I had some lovely quiet time to work on my journal while I  sipped iced tea and enjoyed the view from the windows at the cabin.  I love Sunday mornings like this!


Happy spring!

Tuesday, April 03, 2012

An Art Break from Africa

waste paper pages to use for collage
I have been taking an online journaling class being taught by Judy Wise.  I have long admired Judy's work and having met her through a mutual friend, I know she's funny, fun, incredibly talented and a great teacher.  The class has turned out to be even more fun than I'd expected.  Every morning I rush to my computer to pull up the daily class.


The assignment for this page was to use repetition as a design element.


I devoted this spread to some of my daily posts, just my normal journal entries.  I used a transfer and did a drawing with the stopper of an ink bottle eyedropper, as per an assignment, to add to the page.  I was amazed at how much fun it is to draw with such items---very liberating.  You just can't get tight, or precious.


On this spread I used some tissue paper transfers of photos and some rubber stamping, collages some papers and smeared paint all over.  The writing assignment was to write about 5 wishes, rather like what you might wish for if you were blowing out candles on your birthday cake.  Judy told us that it would be good to go back, someday in the future, and read what we'd wished for on a certain day in March, 2012.


This page is a "roadmap" of my life so far.  I found this exercise to be surprisingly insightful (to me).  By having to pick and choose items to include or not on my journey to now, I found what was the most important to my chosen path truly surprising.  For example, who would have dreamed that a boy who bullied me in the 6th grade gave me the knowledge that I was strong and that it didn't matter that he heckled me.  It was his problem, really, not mine.  A valuable lesson that has served me in good stead all my life!  Thank you, o bully of years past.

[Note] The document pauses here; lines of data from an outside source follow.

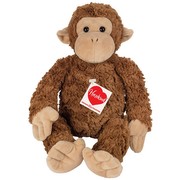 Hermann Teddy Monkey Yoyo 39 cm Hermann Teddy Monkey Yoyo 39 cm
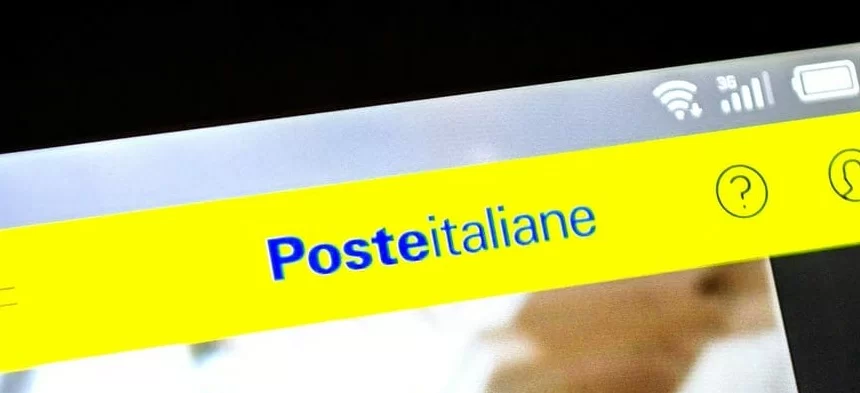 Piano vaccini: una piattaforma unica di prenotazione affidata a Poste Italiane
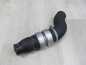 BOXER JUMPER 2.2 HDI 06- WAZ PRZEWOD RURA TURBO POWIETRZA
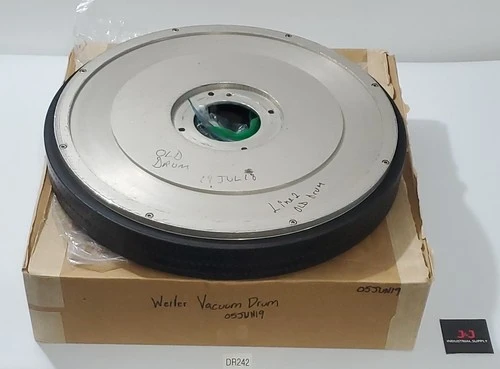 Used WELLER Na Soldering Supplies Indiana US | J&J Industrial Supply #521146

This page is all about my dear, dear friend.  I miss her as she lives far away on an island 30 miles out to sea.  It is about the time of year that I first met her and she has been much on my mind lately.  By using a few photos and writing about our first meeting, I feel close to her.  It was a great exercise.

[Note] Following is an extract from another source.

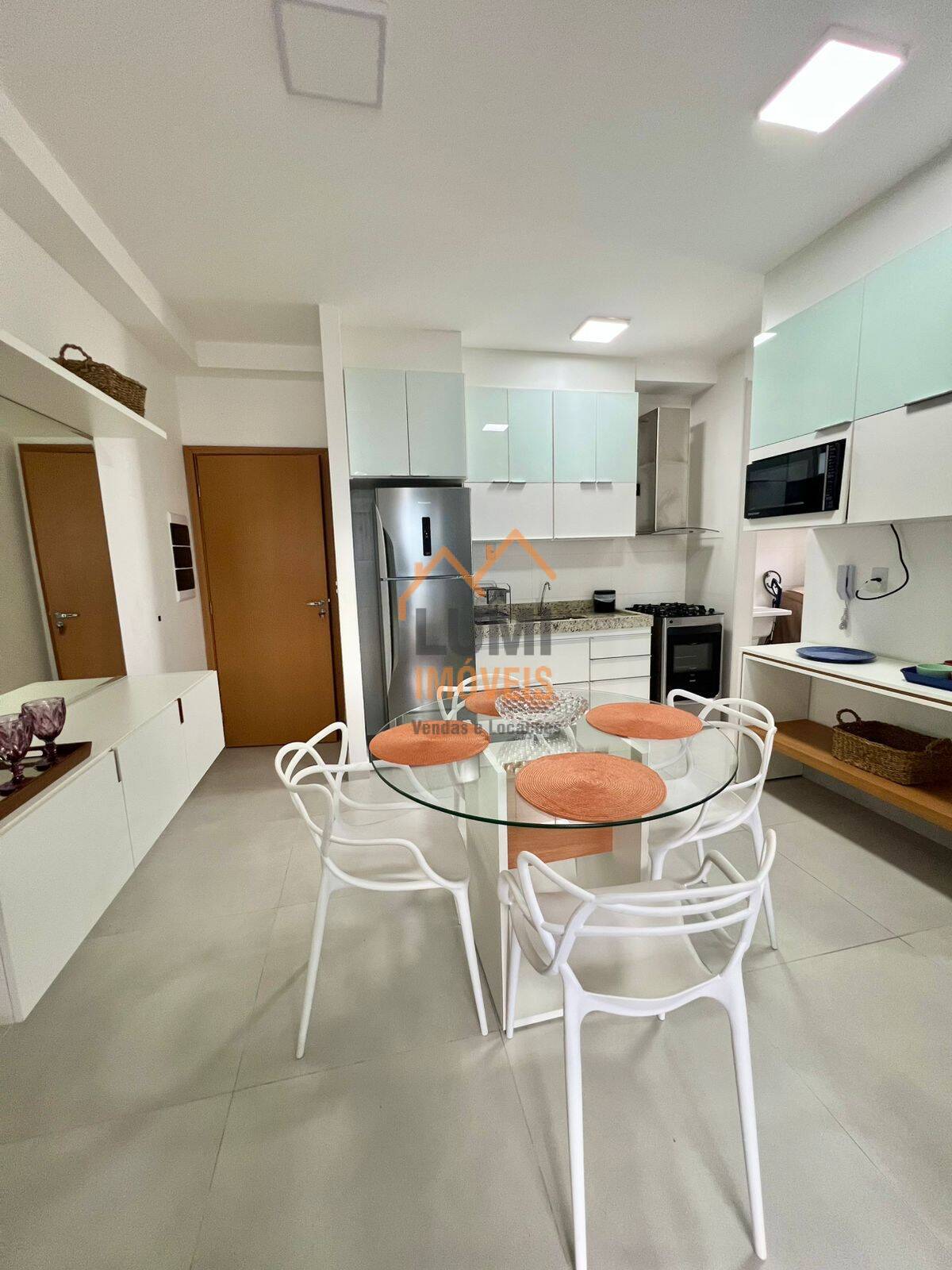 Apartamento - 2 dormitórios - R$ 820.000 - Praia Grande - Ubatuba SP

This is another example of a spread I use for my daily journal entries.  I liked how it developed a travel theme---travel always being on my mind.  I'm either thinking about a previous trip or planning a new one.


This was a painting exercise that turned out to be great fun.  I won't tell you how we were instructed to do it, but let me say, it was not the way I usually approach a portrait.  It is always fun to just put brush to paper and see what sort of a face emerges.  I was not expecting a red head!


I love this quote.  It is a variant of a Biblical phrase and is on the wall of a great book shop in Paris, Shakespeare & Company.  The angel is drawn from a photo I took of a beautiful angel statue in Wendy Addison's shop, Theatre of Dreams.  I was glad I finally found a use for that image as it has long been a favorite of mine.

I've been having a lot of fun.  Thanks, Judy!